Önemli olan bizleriz. Biz iyiysek, dürüstsek, vicdanlı, namuslu, şerefli, ahlâklı isek iyi olur yılımız, yıllarımız. İş yine insanoğlunda bitiyor. Her şeye, herkese rağmen, iyi olabilmek. Keşke dememek için, sadece ümit edip beklemek yerine çaba göstermek gerek. Olan olmuş, geçen geçmiştir, elimizden bu anlamda bir şey gelmez ama geleceğe dokunmak, onu şekillendirmek bizim elimizde. Geçmişin dersleri ve deneyimleriyle birlikte tabi.

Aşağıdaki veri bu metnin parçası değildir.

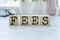 word FEES on wooden cubes on blue background. the inscription on the cubes is reflected from the surface. business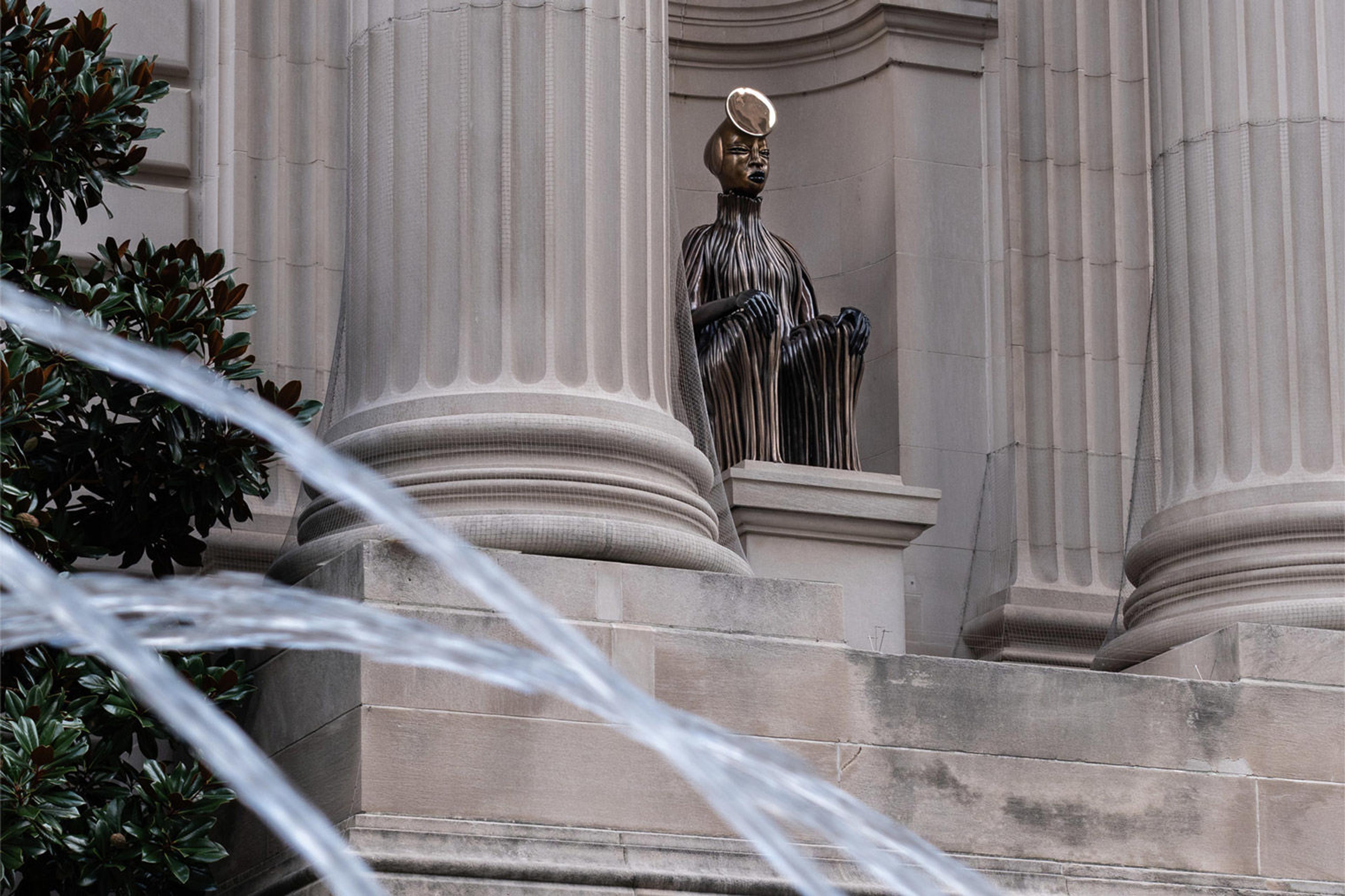 A bronze figure sits in the Metropolitan facade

Maddi kaygılarımız kadar keşke manevi kaygılarımız da olabilse. Maddi şeyler kaybedilse de ,bir daha kazanılabilir gayretle .Ama maneviyat kaybedildiği zaman tekrar elde etmesi zor olur, yokluğunun yerini dolduran şeyler zamanla alışkanlık yapar hayatımızda, ama sisli, puslu, kara bulutlar gibi. Son yıllarda hızlı adımlarla kaybettiğimiz ahlâkî değerler, gelenek-görenekler, edep-adap, namus, onur, dürüstlük, sadakat gibi değerlerimize tekrar sıkı sıkıya sarılmamız lâzım. Bu sarsıntıların depremlerini her geçen gün hayatlarımızda, televizyonlarda görüyor, izliyoruz. Sizleri de bu gidişat endişelendirmiyor mu? Bu küresel çağda, tüketim toplumunda alış veriş sitelerinde harcadığımız paralar gibi, sosyal medyada ve hayatlarımızın içinde harcadık değerlerimizi. Televizyon karşısında, uyuşmuş şekilde, çekirdek çitler gibi çiftledik günlerimizi.

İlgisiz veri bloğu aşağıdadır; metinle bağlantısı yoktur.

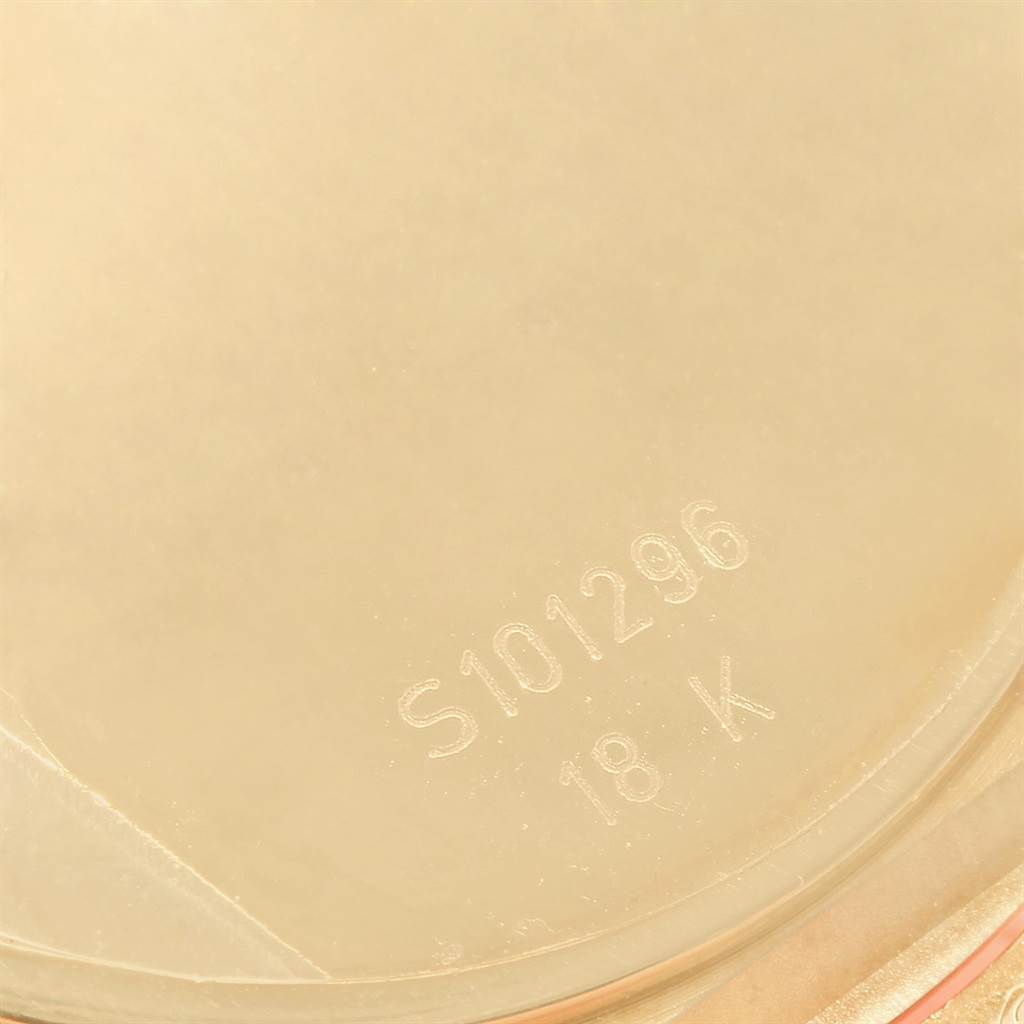 The image shows a close-up of the back case of a Rolex Cellini 6623 Men's Yellow Gold White Dial 6623 Men's Yellow Gold White Dial watch with its serial number and gold purity stamp.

Yeni yıla girerken bunların muhasebesini yapmak anlamlı olacaktır. Aksi takdirde yıllarda değişen, yalnızca rakamlardır. O yılların içinde yaşanacak olanlar Yüce Rabbimizin iradesi ve biz kulların kararları ve çabalarıyla yaşanacak süreçlerdir.

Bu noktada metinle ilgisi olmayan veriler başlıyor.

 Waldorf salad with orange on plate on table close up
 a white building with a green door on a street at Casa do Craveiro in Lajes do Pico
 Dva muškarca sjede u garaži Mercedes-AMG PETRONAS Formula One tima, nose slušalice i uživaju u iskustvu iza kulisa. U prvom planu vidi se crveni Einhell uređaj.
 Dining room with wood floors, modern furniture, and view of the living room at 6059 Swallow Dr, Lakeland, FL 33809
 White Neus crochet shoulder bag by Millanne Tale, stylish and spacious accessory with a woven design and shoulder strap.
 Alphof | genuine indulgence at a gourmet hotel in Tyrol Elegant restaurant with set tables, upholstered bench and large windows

Tüm insanoğluna yeni yılda aydınlanma diliyorum. Bizleri ayakta, bir arada tutan değerlere sarılan, maneviyatı üstün tutan, şiddetten uzak, kendini medeniyetin gerisine değil, medeniyet seviyesine taşıyan bir toplum diliyorum. Çünkü medeniyet denilen kavram bir değerler taşıyıcısıdır. Eğitimi diplomayla sınırlamayıp, bilinçlerinde, bilgiyle gerçekleştiren bir boyuta taşıyan bireyler diliyorum. Toplumun en değerli yapıtaşı olan aile kurumunun daha sağlam, sadâkat içinde yapılanmasını, çocukların tek ebeveynli aileye mahkum etmeden toparlanmasını diliyorum. Herkese hayallerinin gerçekleştiği, zamanın kıymetinin bilindiği, aydınlık yarınlar, adil muhakeme, dürüst, yalansız ticaret, geçim sıkıntısının olmadığı, mezun olanın iş bulduğu, evlatlarımızın imanla, güzel ahlakla, kaygısız geleceklere yürüyebildiği yıllar diliyorum. Daha çok dileğim var elbet ama ben uzatmadan gerisini sizin güzel yüreklerinden geçen hayırlı dua ve dileklere bırakıyorum.